Please return every line of the records below that contains the word "Black".

### [Source data]
%%
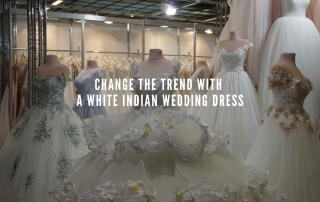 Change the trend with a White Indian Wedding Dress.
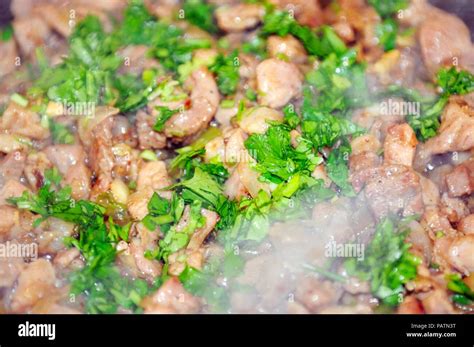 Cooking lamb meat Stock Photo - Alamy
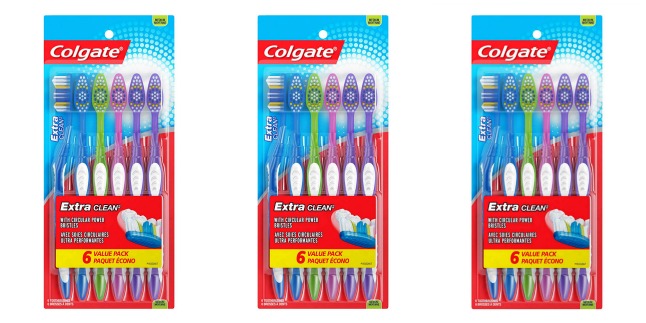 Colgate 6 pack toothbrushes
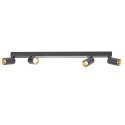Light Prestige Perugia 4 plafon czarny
%%
%%
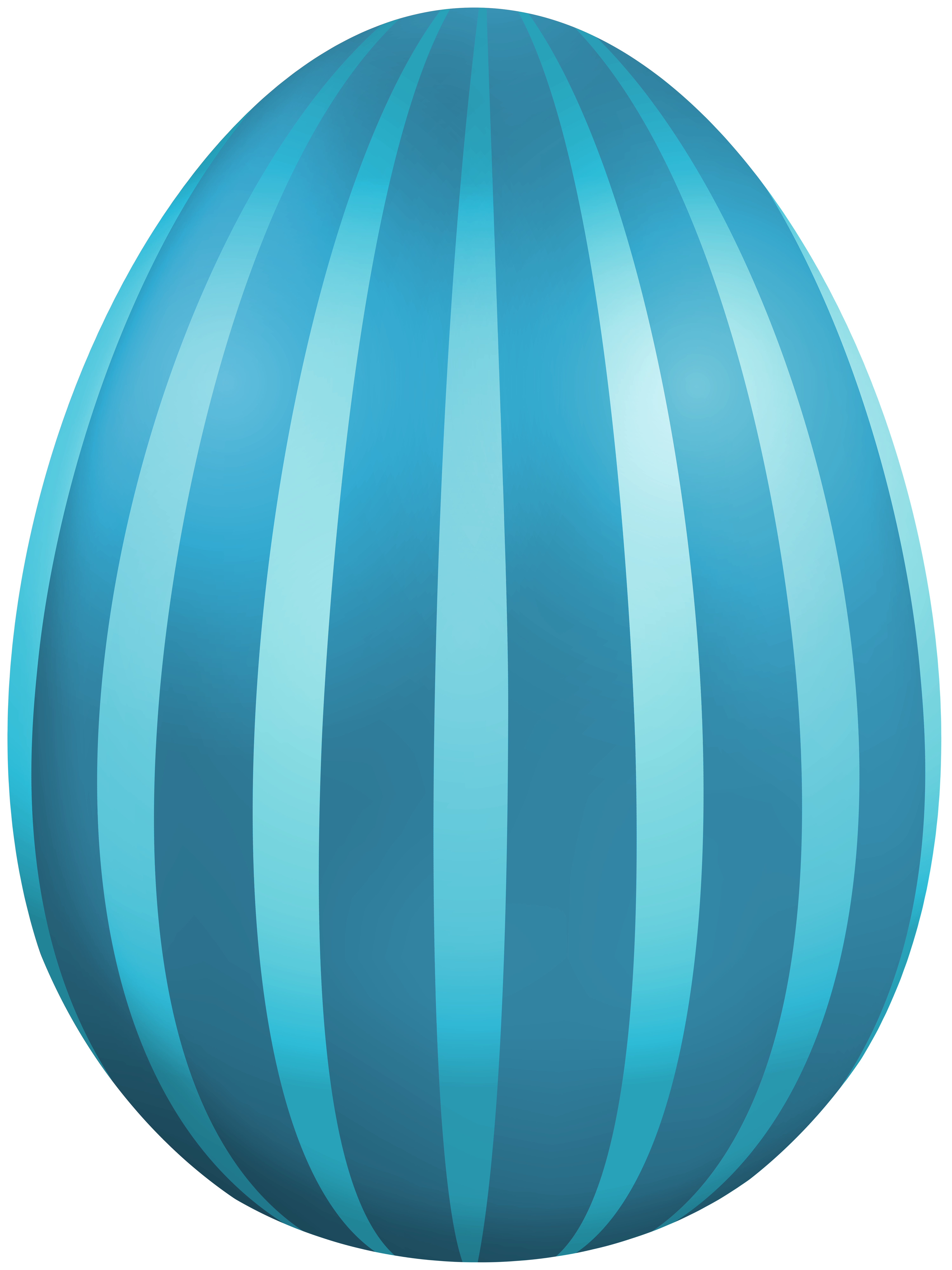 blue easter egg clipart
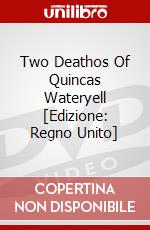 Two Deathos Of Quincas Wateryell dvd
%%
%%
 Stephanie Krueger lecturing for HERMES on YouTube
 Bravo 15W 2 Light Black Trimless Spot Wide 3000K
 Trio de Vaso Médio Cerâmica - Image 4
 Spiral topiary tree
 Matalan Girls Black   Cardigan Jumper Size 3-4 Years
%%
### [Exercise output]
 Bravo 15W 2 Light Black Trimless Spot Wide 3000K
 Matalan Girls Black   Cardigan Jumper Size 3-4 Years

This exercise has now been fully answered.